==== Supplied data
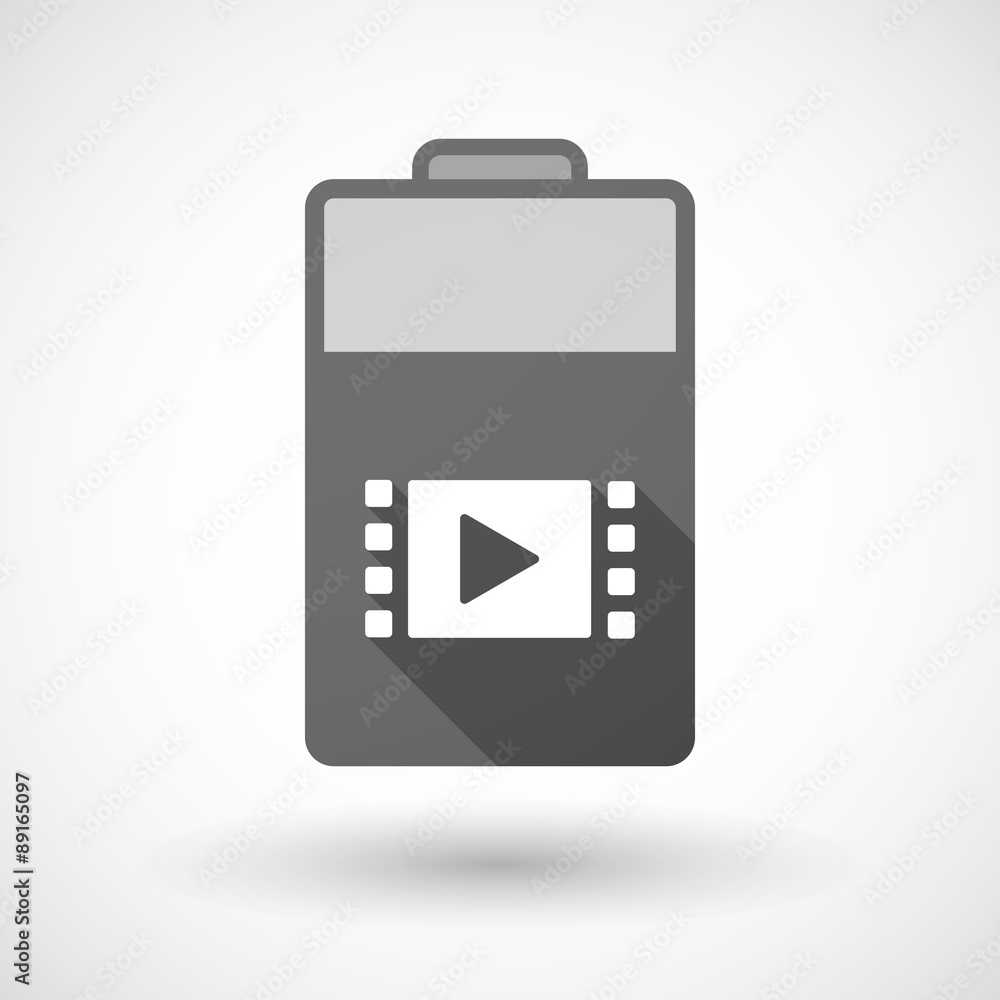 Isolated battery icon with a multimedia sign Isolated battery icon with a multimedia sign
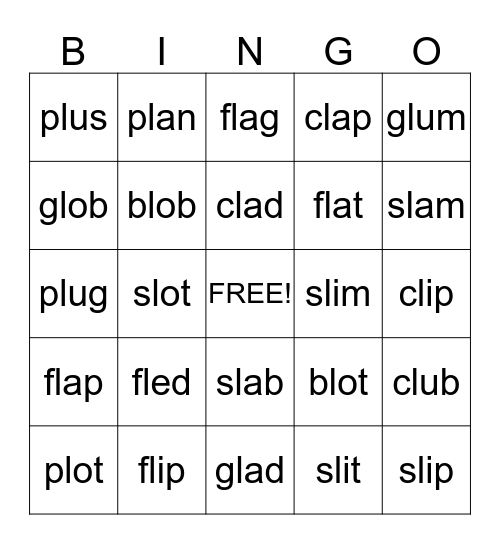 "L" blelnds Bingo Card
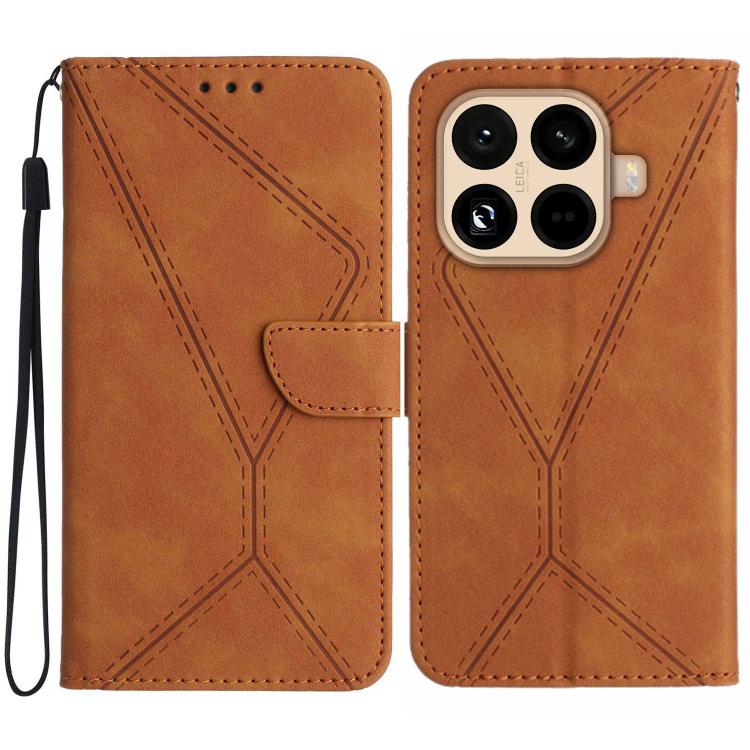 

For Xiaomi 15T Pro Stitching Embossed Leather Phone Case(Brown)
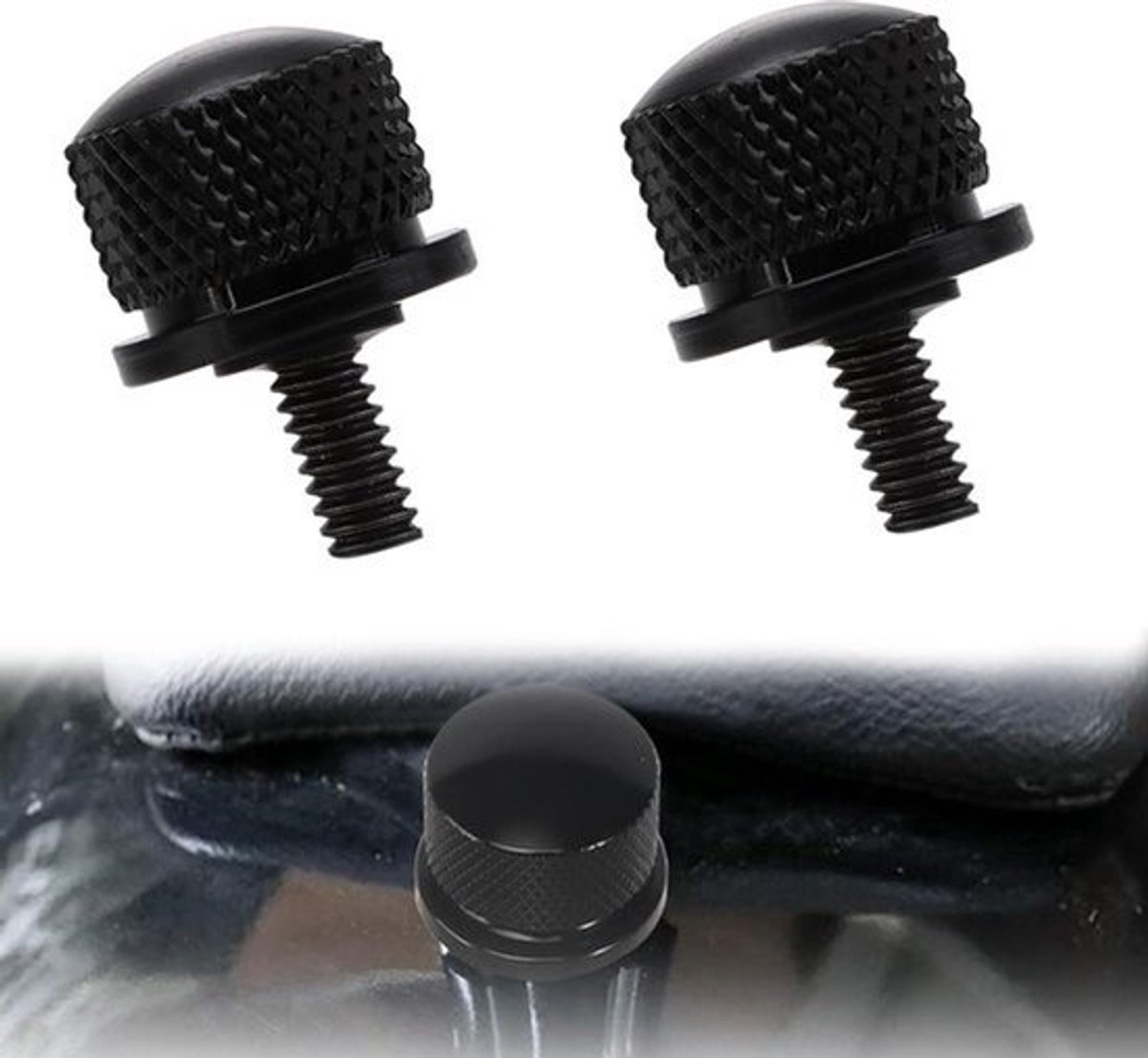 Motorfiets aluminium zadelschroeven - set van 2 stuks - schroefbevestiging - voor motorfiets zadelbevestiging - bilet chroom - zwarte zitbank - modellen - 1/4 inch-20 schroefdraad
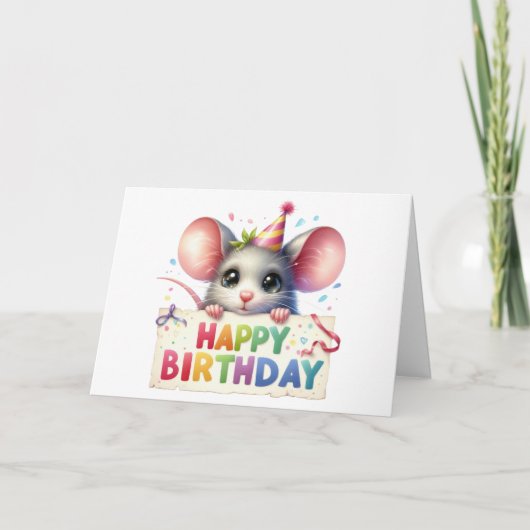 かわいいネズミの誕生日カード カード (正面)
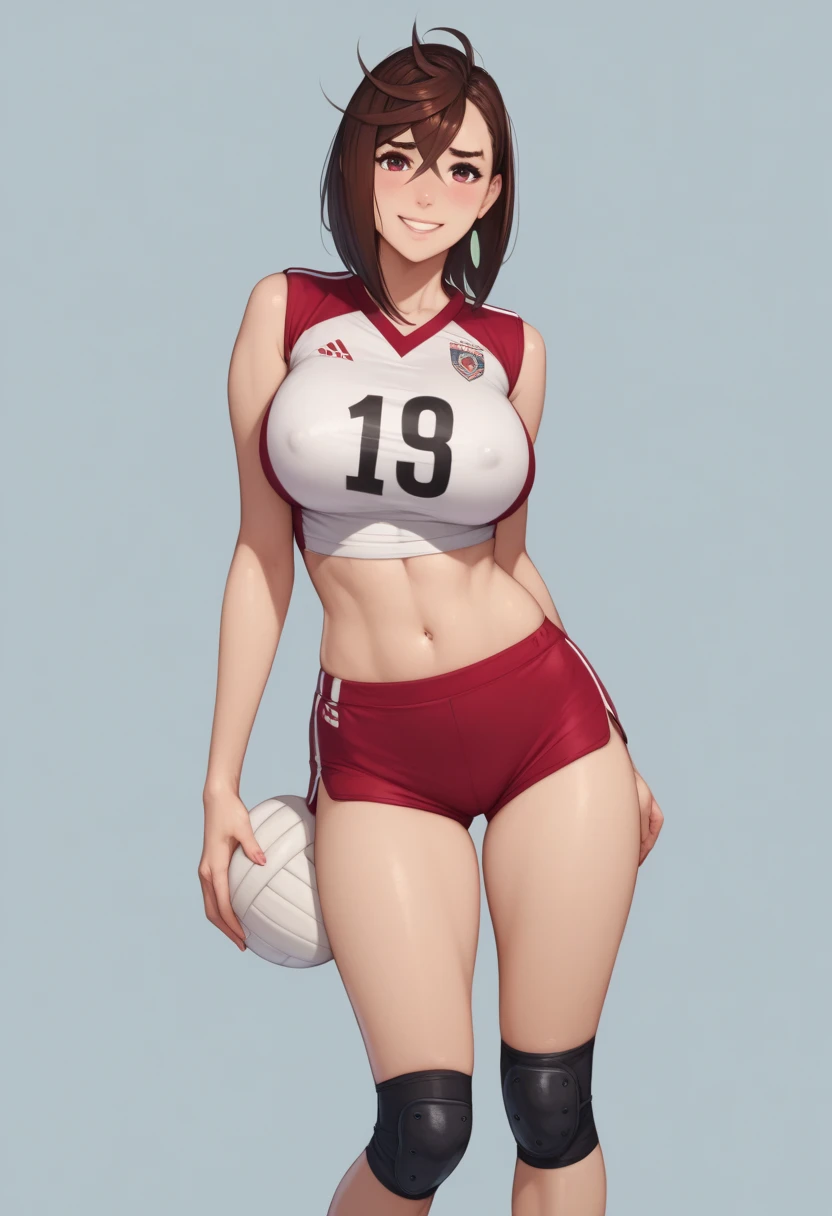 Ayase Momo is sending a volleyball uniform , regatta, neckline, shorts, knee pad, Sock,  shy smile ,  short brown hair ,  big breasts ,  perfect body ,  that perfectly highlight complex anatomical features.  The SFX symbol complements the visual art , Enga...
========
Work instruction
Reproduce, exactly and with no pictures, the lines from the line containing "For Xiaomi 15T" through the closing line of the data above, keeping both ends.

Response area
For Xiaomi 15T Pro Stitching Embossed Leather Phone Case(Brown)
 Motorfiets aluminium zadelschroeven - set van 2 stuks - schroefbevestiging - voor motorfiets zadelbevestiging - bilet chroom - zwarte zitbank - modellen - 1/4 inch-20 schroefdraad
 かわいいネズミの誕生日カード カード (正面)
 Ayase Momo is sending a volleyball uniform , regatta, neckline, shorts, knee pad, Sock,  shy smile ,  short brown hair ,  big breasts ,  perfect body ,  that perfectly highlight complex anatomical features.  The SFX symbol complements the visual art , Enga...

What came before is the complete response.